El último aumento al salario mínimo entró en vigor en enero de 2017: 300 dólares mensuales para comercio y servicios, 295 dólares para textiles y confección, 249 dólares para el sector agrícola.
Por supuesto, la clase trabajadora tiene derecho a mucho más que al mínimo vital, su aspiración a una vida plena, a la salud, a la educación superior es inalienable, pero la representación gubernamental en el Consejo Nacional de Salario Mínimo está ahí para arbitrar no sólo entre los intereses del sector patronal y del laboral, que en varias coyunturas pueden contraponerse, sino sobre todo para que el análisis del que habla el Código de Trabajo sea más técnico que político.
Y en esta coyuntura, se procede precisamente a la inversa, atendiendo más a si las medidas alimentan el discurso oficial que a su integración dentro de la política económica gubernamental, cuando la hubiere, y a sus efectos en el funcionamiento del sistema.
Los teóricos coinciden en que si un mercado de trabajo funciona bajo supuestos competitivos, la actualización del salario mínimo reduce la cantidad de trabajo contratada; otros plantean que un mercado como el salvadoreño, en el que diversas áreas de la economía tienen en la práctica hasta un único comprador de mano de obra, el salario mínimo incluso aumentó el empleo en épocas de bonanza, que por supuesto no es el caso en el escenario pandémico.
Son apenas las primeras de una larga serie de reflexiones que deben cultivarse en el seno del Consejo, mismas que deberían ser públicas para que la ciudadanía tenga irrestricto acceso a las sesiones donde se discute y decide sobre el salario mínimo. Simplificar el proceso y utilizar una herramienta de índole técnica y tan noble naturaleza como un vulgar megáfono es imperdonable. Y eso es todo lo que persigue el gobierno, un megáfono para desviar la atención de la nación de las acusaciones de corrupción contra algunos ministros hechas por Estados Unidos nada menos.

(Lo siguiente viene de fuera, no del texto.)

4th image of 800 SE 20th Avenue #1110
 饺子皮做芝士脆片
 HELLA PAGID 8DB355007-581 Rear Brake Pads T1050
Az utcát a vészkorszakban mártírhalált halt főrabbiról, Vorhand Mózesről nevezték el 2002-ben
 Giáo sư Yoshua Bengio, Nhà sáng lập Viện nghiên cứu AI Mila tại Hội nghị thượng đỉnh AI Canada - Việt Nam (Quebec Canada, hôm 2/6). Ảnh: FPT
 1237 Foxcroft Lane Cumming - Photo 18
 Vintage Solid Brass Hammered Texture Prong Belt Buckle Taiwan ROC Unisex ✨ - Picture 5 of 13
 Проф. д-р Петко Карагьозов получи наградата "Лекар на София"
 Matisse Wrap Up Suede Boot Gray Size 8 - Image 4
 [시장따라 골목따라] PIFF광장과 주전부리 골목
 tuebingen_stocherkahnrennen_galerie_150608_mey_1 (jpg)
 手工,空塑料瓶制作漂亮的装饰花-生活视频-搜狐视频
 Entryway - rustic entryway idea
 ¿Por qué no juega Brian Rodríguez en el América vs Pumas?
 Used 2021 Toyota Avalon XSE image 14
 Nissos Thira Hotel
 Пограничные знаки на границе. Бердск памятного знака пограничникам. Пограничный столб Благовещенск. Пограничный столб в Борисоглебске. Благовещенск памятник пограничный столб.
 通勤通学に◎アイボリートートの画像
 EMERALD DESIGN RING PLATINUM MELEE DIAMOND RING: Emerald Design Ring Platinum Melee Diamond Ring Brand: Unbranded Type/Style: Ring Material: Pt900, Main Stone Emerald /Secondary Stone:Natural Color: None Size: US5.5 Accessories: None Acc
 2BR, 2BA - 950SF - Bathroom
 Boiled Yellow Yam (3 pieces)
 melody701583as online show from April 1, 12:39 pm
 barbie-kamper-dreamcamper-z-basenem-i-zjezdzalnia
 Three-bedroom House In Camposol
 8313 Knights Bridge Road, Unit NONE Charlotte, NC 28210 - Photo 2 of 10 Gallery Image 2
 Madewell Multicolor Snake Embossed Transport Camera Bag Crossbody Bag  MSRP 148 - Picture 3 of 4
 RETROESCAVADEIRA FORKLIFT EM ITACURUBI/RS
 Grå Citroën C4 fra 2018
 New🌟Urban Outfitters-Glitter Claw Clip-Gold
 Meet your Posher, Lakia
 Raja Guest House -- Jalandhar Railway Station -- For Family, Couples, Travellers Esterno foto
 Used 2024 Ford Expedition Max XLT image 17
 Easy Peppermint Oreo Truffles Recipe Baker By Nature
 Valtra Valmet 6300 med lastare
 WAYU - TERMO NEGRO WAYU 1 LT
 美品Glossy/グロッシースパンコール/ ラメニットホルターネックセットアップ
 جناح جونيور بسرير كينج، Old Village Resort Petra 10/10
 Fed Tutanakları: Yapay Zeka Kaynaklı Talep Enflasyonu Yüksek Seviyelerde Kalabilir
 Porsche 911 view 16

Tal es el extravío al respecto de un asunto así de relevante que ayer mismo el ministro de Hacienda reconocía que no sabe de dónde saldrán los fondos con que el gobierno ha prometido subsidiar el aumento al salario mínimo a las micro y pequeñas empresas. Por supuesto, tampoco saben cómo reaccionarían los trabajadores si todo su pago, no sólo el 20 por ciento del incremento, se les hace efectivo con una moneda volátil, sin ningún respaldo efectivo, que al convertirse en dólares supone pérdida automática para el usuario.